100 yeni otel yapıldı.
Yapıldı da yapıldı.
Peki tüm bunlar yapılırken, dünyanın “sıfır karbon” hedefi ne kadar gözetildi?
Verilen sözlere rağmen, beklentinin üç katı karbon emisyonu gerçekleştiği iddia ediliyor.
Konuk taraftarların büyük çoğunluğu Abu Dabi ve Dubai gibi yakın şehirlerde kalıyor, hava yoluyla, maçlara servis uçuşlarıyla gelen taraftar sayısının yaklaşık 1,2 milyona ulaşacağı öngörülüyor.
BBC’nin kıdemli muhabirlerinden Jocelyn Timperley, Katar’daki turnuvayı, çevre faktörleriyle incelediği müthiş bir dosya sundu. Röportajlar verilerle birleşince bakın ne mesajlar çıkıyor:
-Turnuvanın karbon ayak izinin söylendiği gibi üç kat değil sekiz kat daha yüksek olacağı…

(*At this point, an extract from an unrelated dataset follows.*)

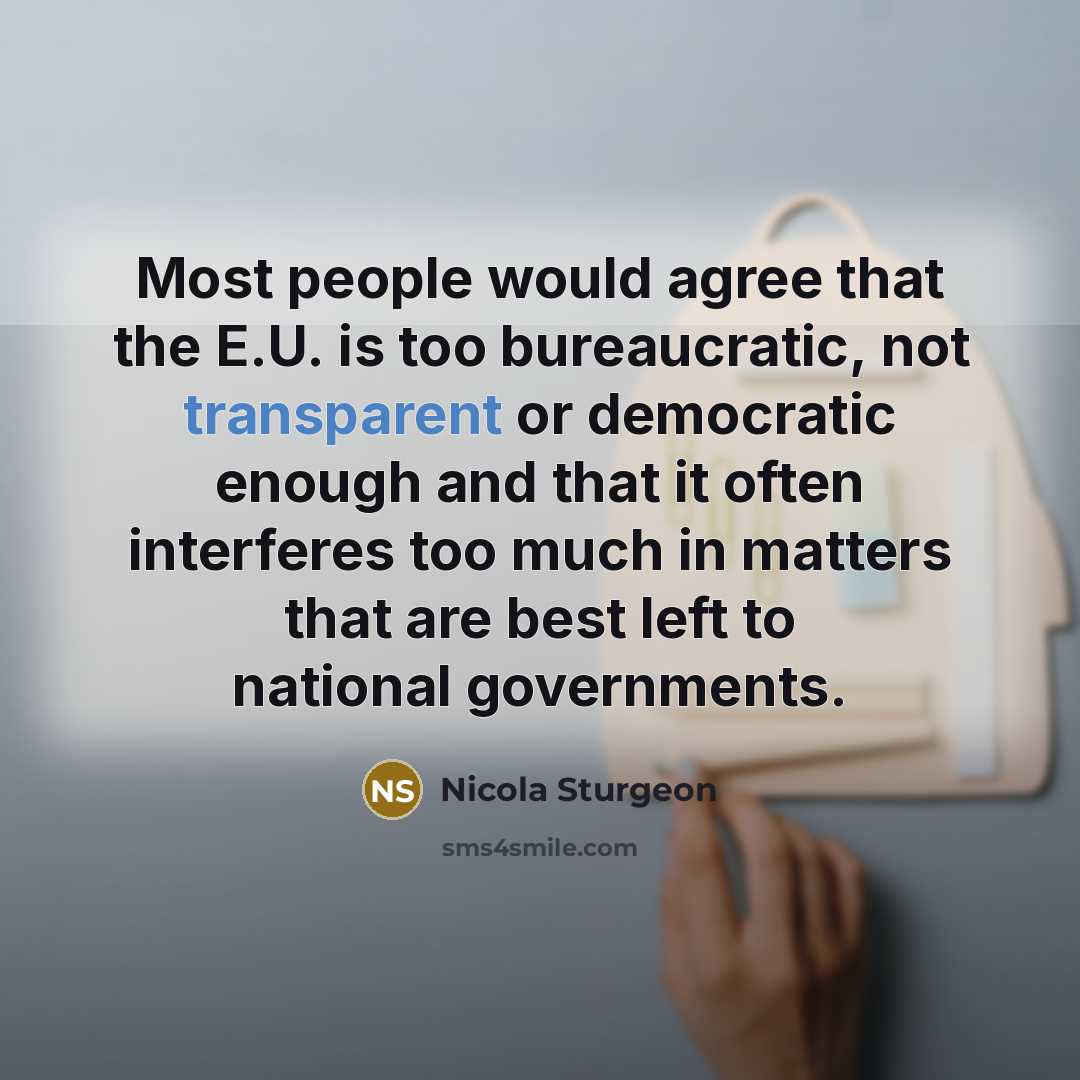 “Most people would agree that the E.U. is too bureaucratic, not transparent or democratic enough and that it often interferes too much in matters that are best left to national governments.” quote by Nicola Sturgeon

-Bir analiz, yeni stadyumlara atfedilen karbon ayak izinin gerçekte yaklaşık sekiz kat daha yüksek olduğunu buldu.
-FİFA’nın karbon nötrlük iddialarını desteklemesiyle ilgili olarak birçok Avrupa ülkesinde bir dizi reklam şikayeti yapıldı, çok sayıda futbolcu FIFA’ya açık bir mektup göndererek iddiayı “çözmesini” istedi.
Son üç Dünya Kupasının her birinin 2,2 ila 2,8 milyon ton karbondioksit eşdeğeri (MT CO2e) ürettiği tahmin edilmektedir. Ancak bu turnuva farklı. Katar2022’nin 10 milyon ton CO2e üretebileceği hesaplandı. Bu rakam Belçika’nın yıllık tüketimine yakın bir miktar.

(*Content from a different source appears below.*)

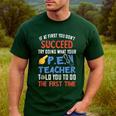 PE Teacher Succeed Sport Teacher School Fitness Gym Class Men Women Men's Casual T-Shirt Forest PE Teacher Succeed Sport Teacher School Fitness Gym Class Men Women Men's Casual T-Shirt Forest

Dünya, emisyonların 2030’a kadar bir bütün olarak yarıya indirmeyi hedefliyor.
FIFA’nın da en azından 2030’a kadar emisyonlarını yarıya indirmesi gerektiğini savunuluyor.
Dünya Kupası’ndan kaynaklanan iki önemli çevresel etki alanı, ulaşım ve konaklama.
Hava yoluyla ulaşım inanılmaz derecede yoğun karbon salımı üretiyor. Her büyük uluslararası spor etkinliğinde aynı salım oluşuyor. Dahası yüzbinlerce taraftarı barındıracak ulaşım ağları ve oteller ile birlikte yeni stadyumlar inşa etmek, devasa enerji ve malzemenin karbon ayak izi var.
Yeni binalar, statların çevresel etkilerini azaltmak için yapılabilecekler var. Galatasaray’ın stadındaki örnek, güneş panelleri önemli bir karbon azaltıcı. Enerji tüketiminin tamamı yenilenebilir enerjiden gelmelidir” diyenler var. Ama aynı zamanda, örneğin stat ışıklandırmasındaki projektörler için LED’ler ve enerji açısından verimli cihazlar gibi düşük tüketimli cihazlar kullanarak süper verimli olmak gerekiyor.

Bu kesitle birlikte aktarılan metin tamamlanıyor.